Some to Sinn Fein, some to the left-wing parties, many to Independents.

The arithmetic of the election results was simple. Only a coalition of Fine Gael and Fianna Fail could provide a stable government. It would be a grim right-wing government, but that's what the arithmetic said, and there was no unbridgeable gap in policy.

The two parties, though, insist on maintaining the old civil war enmities. Besides, Enda Kenny desperately wanted to be Taoiseach again, the first Fine Gael Taoiseach to be re-elected at the head of a Fine Gael-led government.

There was an even more pressing reason to avoid a straightforward coalition. Throughout the history of the State, the division has been between two right-wing parties. Each might embrace populist policies, lurch to the centre occasionally, but mostly it was about who would best manage the same policies.

If FF and FG joined in formal coalition, sitting on the same side of the Dail, the future choice would be between them and an opposition on their left.

Such a coalition would be a stable government, but at the price of having to abandon the old mock fights. It would risk conceding credibility to Sinn Fein and the left-wing parties.

Desperate to avoid this, Kenny cobbled together a makeshift, unstable coalition with Independents to form a minority government. Fianna Fail is a semi-detached part of that coalition, while still dominating the opposition benches.

So, we get an unstable government that might collapse at any time.

And a cabinet that last week bought itself time by ditching the principle of collective responsibility, and to hell with the Constitution.

Enda keeps inventing mechanisms to put off decisions until this collapsible government is in office long enough not to look like a historical joke - at which point he can credibly quit.

FF denounces the government, then votes with it - even when it's voting down something that was a redline issue a few months back.

Daily, the air is filled with anguished cries as John Halligan wrestles with his conscience. (Small tip, John: do one thing, or the other. Don't tell us about your anguish. It's embarrassing.)

I wish I could read journalist Shane Ross making mincemeat of Minister Shane Ross.

Meanwhile, Enda last week appointed James Reilly deputy leader of Fine Gael, because he felt a bit guilty about the way he'd treated him. James says he's delighted, because he gets to travel around the country, talking to Fine Gaelers.

Jesus, lads, deputy leader of Fine Gael - you have no idea the number of backsides most of us would kiss, the number of kittens we'd strangle, to get out of being saddled with such a terrible fate.

Katherine Zappone - well, words fail me.

And Frances Fitzgerald last week referred to Joe Biden as "my counterpart". It seems that as Tanaiste she's vice-president to Enda Obama.

From time to time, there's a crack in the facade and we get a glimpse of the fantasy world in which these people see themselves.
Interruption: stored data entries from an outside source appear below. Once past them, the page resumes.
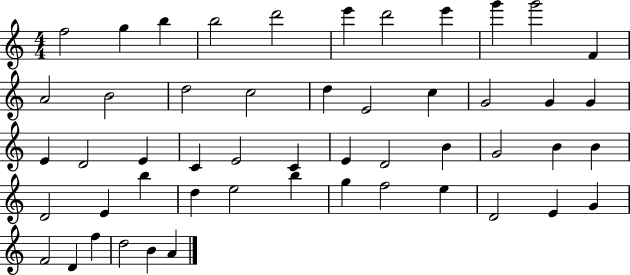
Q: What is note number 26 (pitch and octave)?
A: E4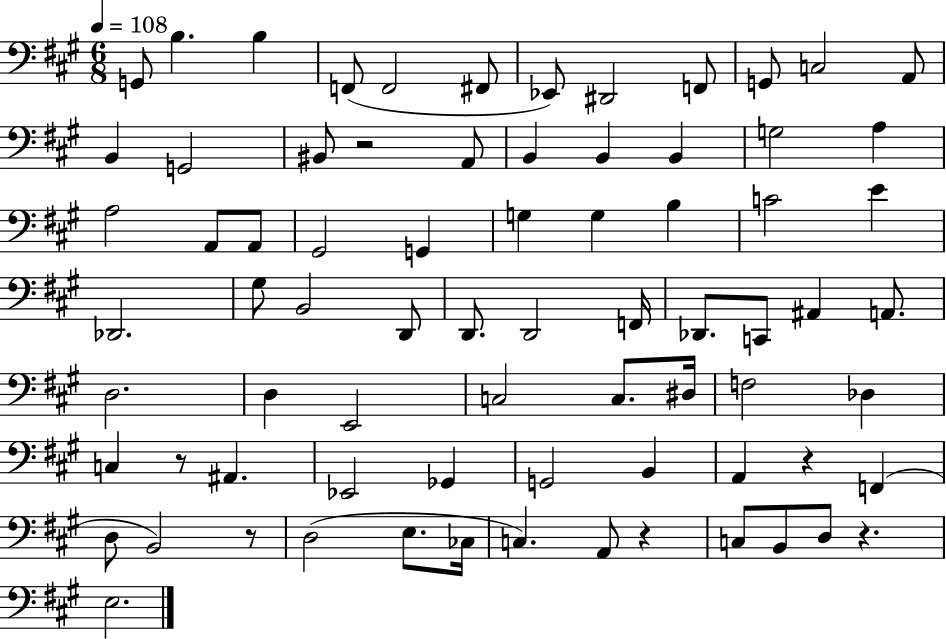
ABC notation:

X:1
T:Untitled
M:6/8
L:1/4
K:A
G,,/2 B, B, F,,/2 F,,2 ^F,,/2 _E,,/2 ^D,,2 F,,/2 G,,/2 C,2 A,,/2 B,, G,,2 ^B,,/2 z2 A,,/2 B,, B,, B,, G,2 A, A,2 A,,/2 A,,/2 ^G,,2 G,, G, G, B, C2 E _D,,2 ^G,/2 B,,2 D,,/2 D,,/2 D,,2 F,,/4 _D,,/2 C,,/2 ^A,, A,,/2 D,2 D, E,,2 C,2 C,/2 ^D,/4 F,2 _D, C, z/2 ^A,, _E,,2 _G,, G,,2 B,, A,, z F,, D,/2 B,,2 z/2 D,2 E,/2 _C,/4 C, A,,/2 z C,/2 B,,/2 D,/2 z E,2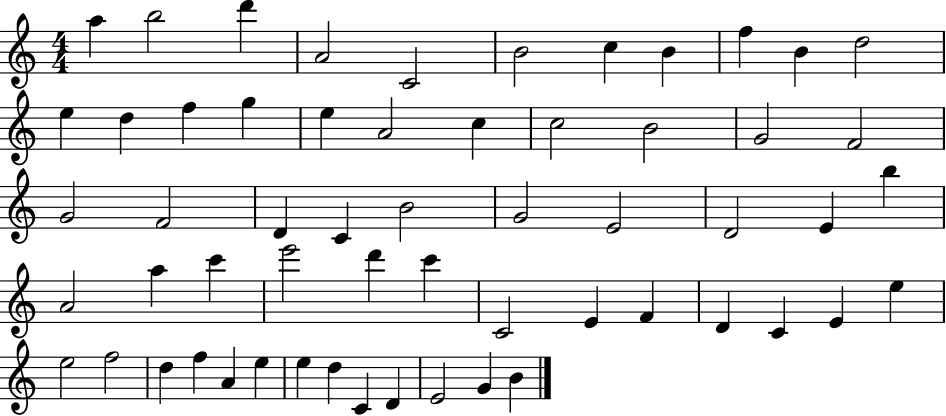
{
  \clef treble
  \numericTimeSignature
  \time 4/4
  \key c \major
  a''4 b''2 d'''4 | a'2 c'2 | b'2 c''4 b'4 | f''4 b'4 d''2 | \break e''4 d''4 f''4 g''4 | e''4 a'2 c''4 | c''2 b'2 | g'2 f'2 | \break g'2 f'2 | d'4 c'4 b'2 | g'2 e'2 | d'2 e'4 b''4 | \break a'2 a''4 c'''4 | e'''2 d'''4 c'''4 | c'2 e'4 f'4 | d'4 c'4 e'4 e''4 | \break e''2 f''2 | d''4 f''4 a'4 e''4 | e''4 d''4 c'4 d'4 | e'2 g'4 b'4 | \break \bar "|."
}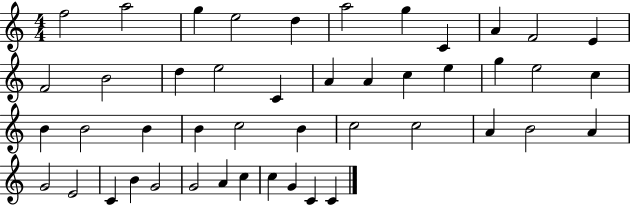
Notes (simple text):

F5/h A5/h G5/q E5/h D5/q A5/h G5/q C4/q A4/q F4/h E4/q F4/h B4/h D5/q E5/h C4/q A4/q A4/q C5/q E5/q G5/q E5/h C5/q B4/q B4/h B4/q B4/q C5/h B4/q C5/h C5/h A4/q B4/h A4/q G4/h E4/h C4/q B4/q G4/h G4/h A4/q C5/q C5/q G4/q C4/q C4/q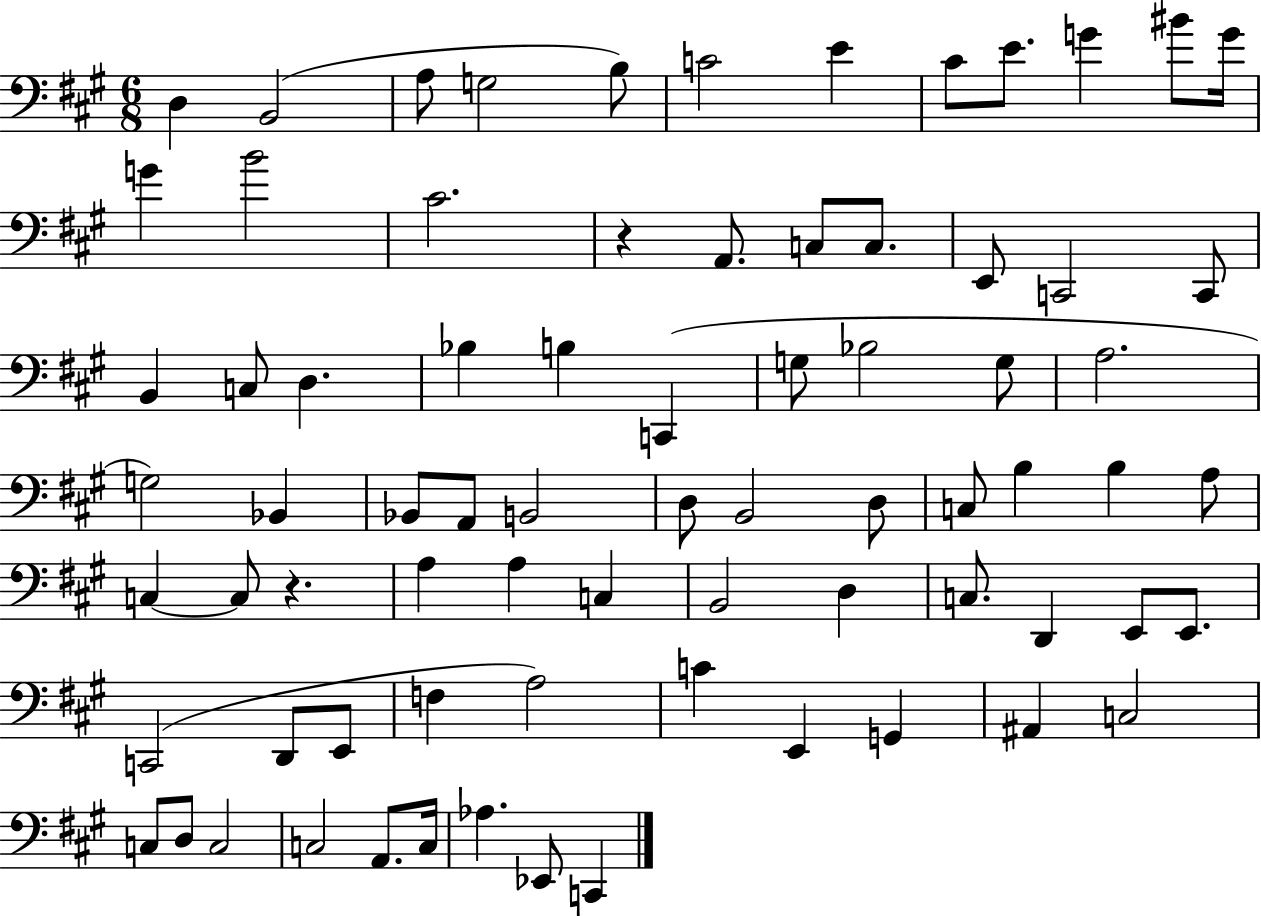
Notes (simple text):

D3/q B2/h A3/e G3/h B3/e C4/h E4/q C#4/e E4/e. G4/q BIS4/e G4/s G4/q B4/h C#4/h. R/q A2/e. C3/e C3/e. E2/e C2/h C2/e B2/q C3/e D3/q. Bb3/q B3/q C2/q G3/e Bb3/h G3/e A3/h. G3/h Bb2/q Bb2/e A2/e B2/h D3/e B2/h D3/e C3/e B3/q B3/q A3/e C3/q C3/e R/q. A3/q A3/q C3/q B2/h D3/q C3/e. D2/q E2/e E2/e. C2/h D2/e E2/e F3/q A3/h C4/q E2/q G2/q A#2/q C3/h C3/e D3/e C3/h C3/h A2/e. C3/s Ab3/q. Eb2/e C2/q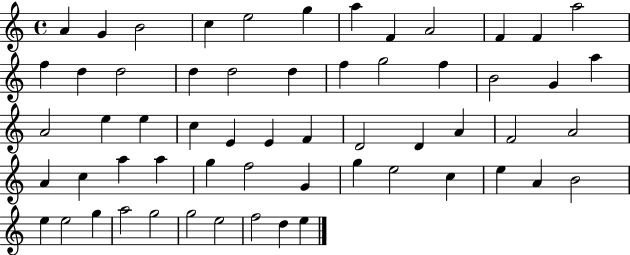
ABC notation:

X:1
T:Untitled
M:4/4
L:1/4
K:C
A G B2 c e2 g a F A2 F F a2 f d d2 d d2 d f g2 f B2 G a A2 e e c E E F D2 D A F2 A2 A c a a g f2 G g e2 c e A B2 e e2 g a2 g2 g2 e2 f2 d e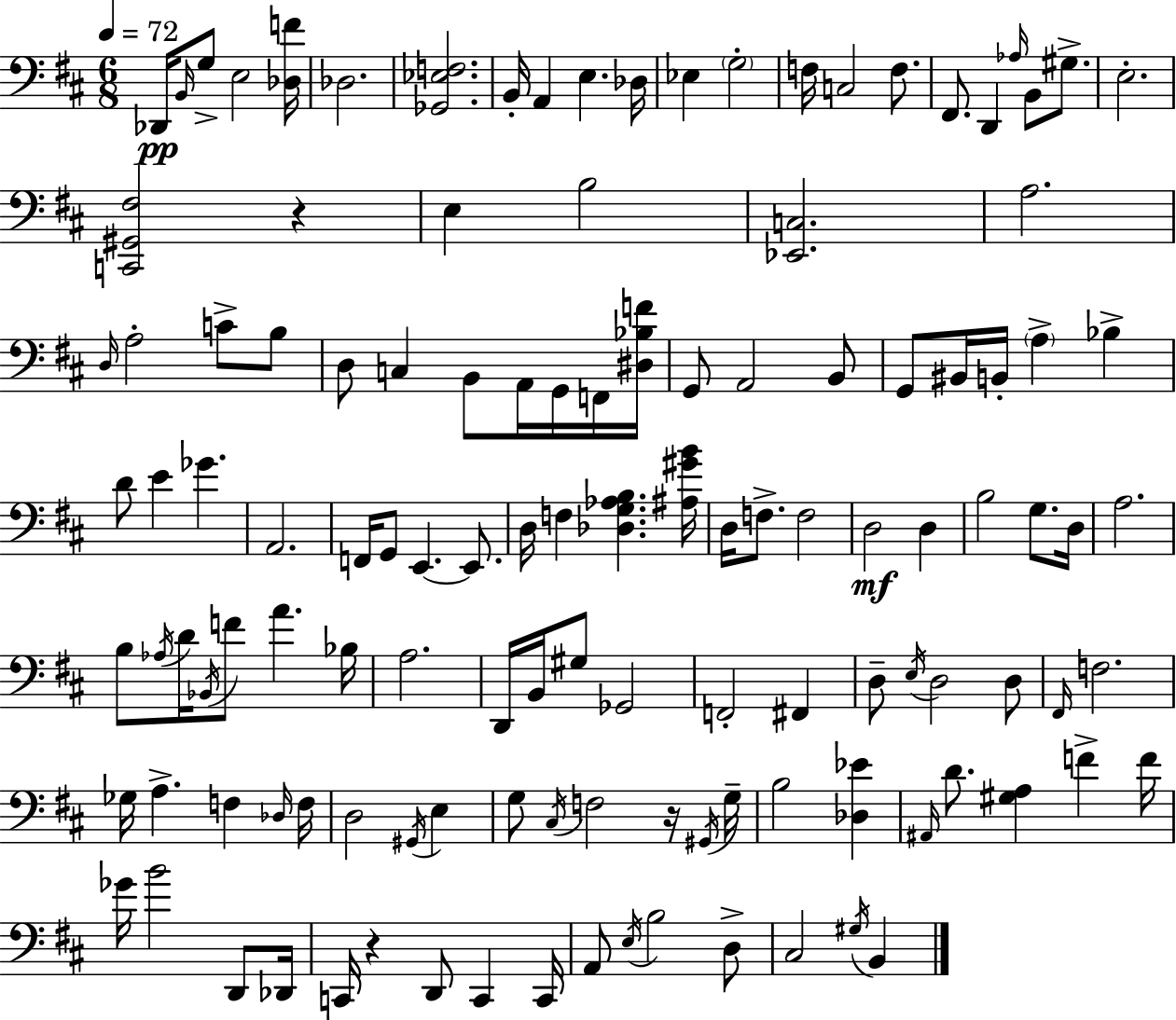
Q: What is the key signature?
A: D major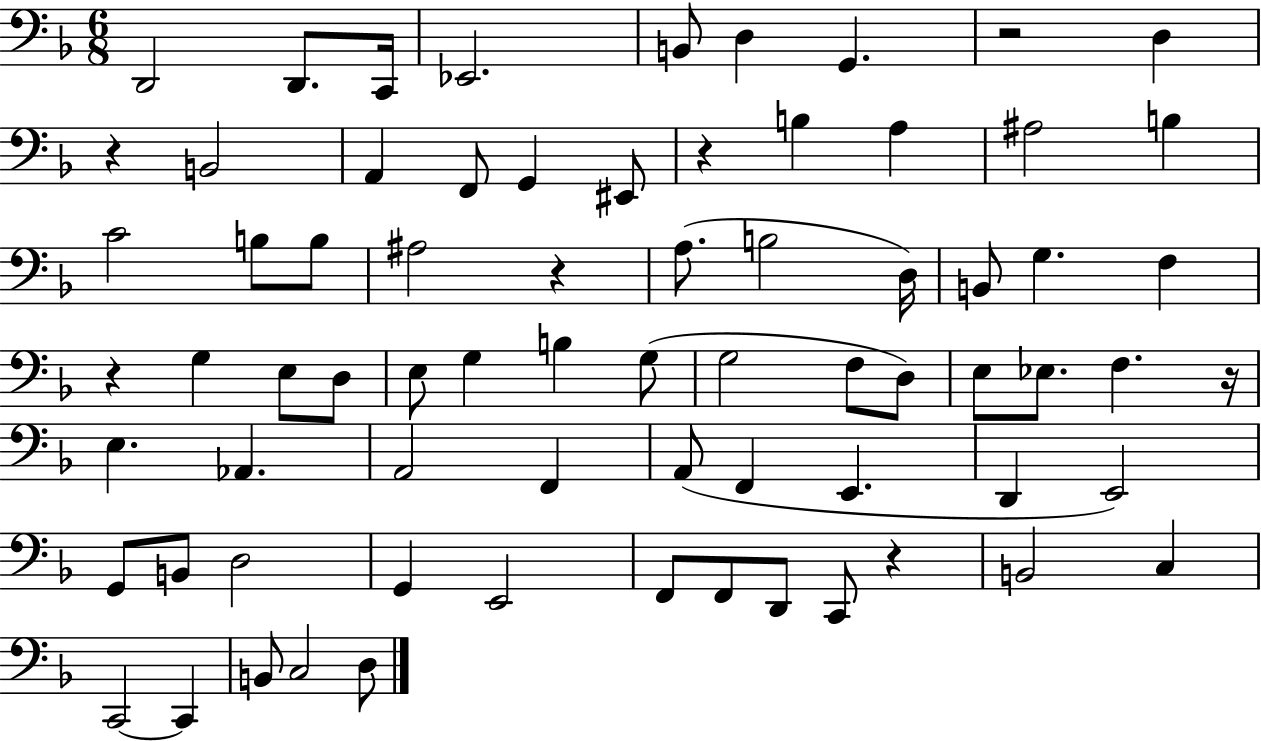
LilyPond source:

{
  \clef bass
  \numericTimeSignature
  \time 6/8
  \key f \major
  \repeat volta 2 { d,2 d,8. c,16 | ees,2. | b,8 d4 g,4. | r2 d4 | \break r4 b,2 | a,4 f,8 g,4 eis,8 | r4 b4 a4 | ais2 b4 | \break c'2 b8 b8 | ais2 r4 | a8.( b2 d16) | b,8 g4. f4 | \break r4 g4 e8 d8 | e8 g4 b4 g8( | g2 f8 d8) | e8 ees8. f4. r16 | \break e4. aes,4. | a,2 f,4 | a,8( f,4 e,4. | d,4 e,2) | \break g,8 b,8 d2 | g,4 e,2 | f,8 f,8 d,8 c,8 r4 | b,2 c4 | \break c,2~~ c,4 | b,8 c2 d8 | } \bar "|."
}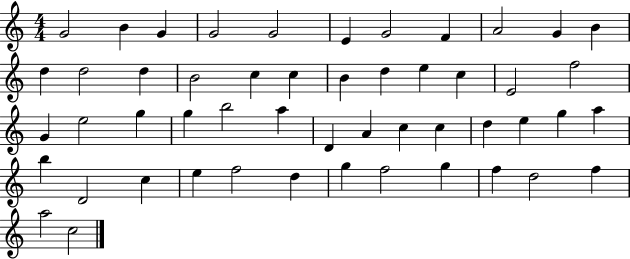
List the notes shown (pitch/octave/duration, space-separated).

G4/h B4/q G4/q G4/h G4/h E4/q G4/h F4/q A4/h G4/q B4/q D5/q D5/h D5/q B4/h C5/q C5/q B4/q D5/q E5/q C5/q E4/h F5/h G4/q E5/h G5/q G5/q B5/h A5/q D4/q A4/q C5/q C5/q D5/q E5/q G5/q A5/q B5/q D4/h C5/q E5/q F5/h D5/q G5/q F5/h G5/q F5/q D5/h F5/q A5/h C5/h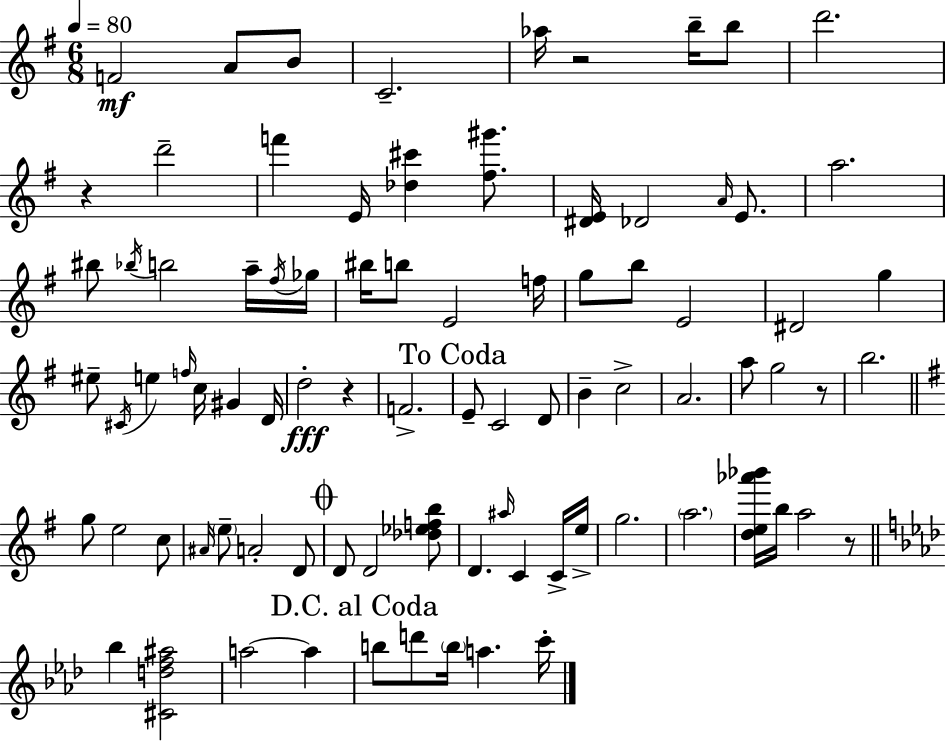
X:1
T:Untitled
M:6/8
L:1/4
K:Em
F2 A/2 B/2 C2 _a/4 z2 b/4 b/2 d'2 z d'2 f' E/4 [_d^c'] [^f^g']/2 [^DE]/4 _D2 A/4 E/2 a2 ^b/2 _b/4 b2 a/4 ^f/4 _g/4 ^b/4 b/2 E2 f/4 g/2 b/2 E2 ^D2 g ^e/2 ^C/4 e f/4 c/4 ^G D/4 d2 z F2 E/2 C2 D/2 B c2 A2 a/2 g2 z/2 b2 g/2 e2 c/2 ^A/4 e/2 A2 D/2 D/2 D2 [_d_efb]/2 D ^a/4 C C/4 e/4 g2 a2 [de_a'_b']/4 b/4 a2 z/2 _b [^Cdf^a]2 a2 a b/2 d'/2 b/4 a c'/4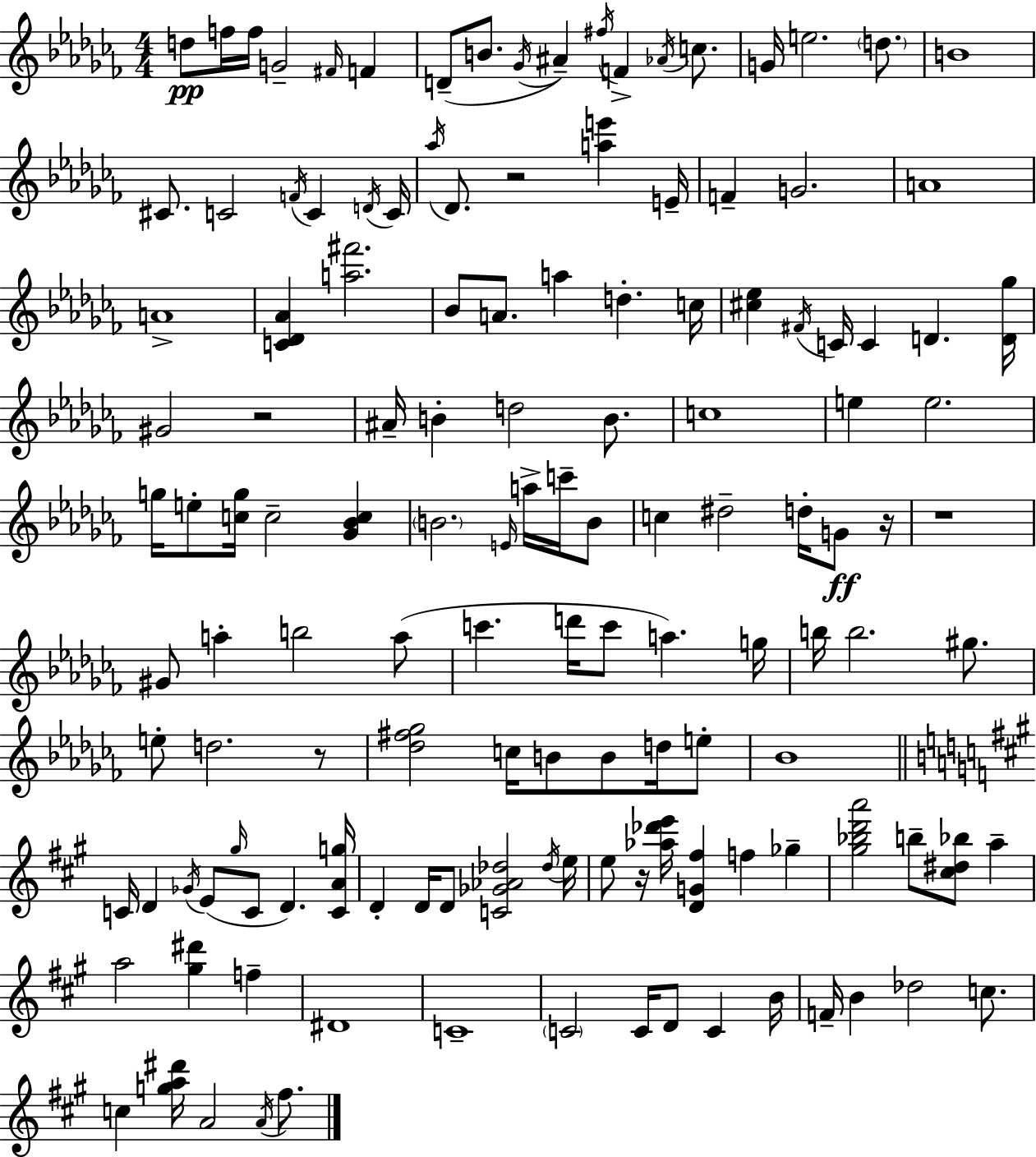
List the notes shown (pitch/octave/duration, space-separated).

D5/e F5/s F5/s G4/h F#4/s F4/q D4/e B4/e. Gb4/s A#4/q F#5/s F4/q Ab4/s C5/e. G4/s E5/h. D5/e. B4/w C#4/e. C4/h F4/s C4/q D4/s C4/s Ab5/s Db4/e. R/h [A5,E6]/q E4/s F4/q G4/h. A4/w A4/w [C4,Db4,Ab4]/q [A5,F#6]/h. Bb4/e A4/e. A5/q D5/q. C5/s [C#5,Eb5]/q F#4/s C4/s C4/q D4/q. [D4,Gb5]/s G#4/h R/h A#4/s B4/q D5/h B4/e. C5/w E5/q E5/h. G5/s E5/e [C5,G5]/s C5/h [Gb4,Bb4,C5]/q B4/h. E4/s A5/s C6/s B4/e C5/q D#5/h D5/s G4/e R/s R/w G#4/e A5/q B5/h A5/e C6/q. D6/s C6/e A5/q. G5/s B5/s B5/h. G#5/e. E5/e D5/h. R/e [Db5,F#5,Gb5]/h C5/s B4/e B4/e D5/s E5/e Bb4/w C4/s D4/q Gb4/s E4/e G#5/s C4/e D4/q. [C4,A4,G5]/s D4/q D4/s D4/e [C4,Gb4,Ab4,Db5]/h Db5/s E5/s E5/e R/s [Ab5,Db6,E6]/s [D4,G4,F#5]/q F5/q Gb5/q [G#5,Bb5,D6,A6]/h B5/e [C#5,D#5,Bb5]/e A5/q A5/h [G#5,D#6]/q F5/q D#4/w C4/w C4/h C4/s D4/e C4/q B4/s F4/s B4/q Db5/h C5/e. C5/q [G5,A5,D#6]/s A4/h A4/s F#5/e.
All of this is facilitated by a political press gang that cannot imagine change that goes beyond the political Lego kit made of FF, FG, Labour and Others. In the months during which Enda was putting together his collapsible government, the political media tried to envisage something new, and failed, falling into reveries about the fictional Borgen. Politics as a TV box set.

Outside the Dail, Joe O'Toole was appointed to head the body designed to delay a decision on the water charges scandal. He promptly mouthed off, attacking those against water charges. Simon Coveney, who appointed him, accused O'Toole of being - get this - "overly forthright".

Simon seems to believe that being forthright -meaning, frank, honest, sincere - has no place in Irish politics.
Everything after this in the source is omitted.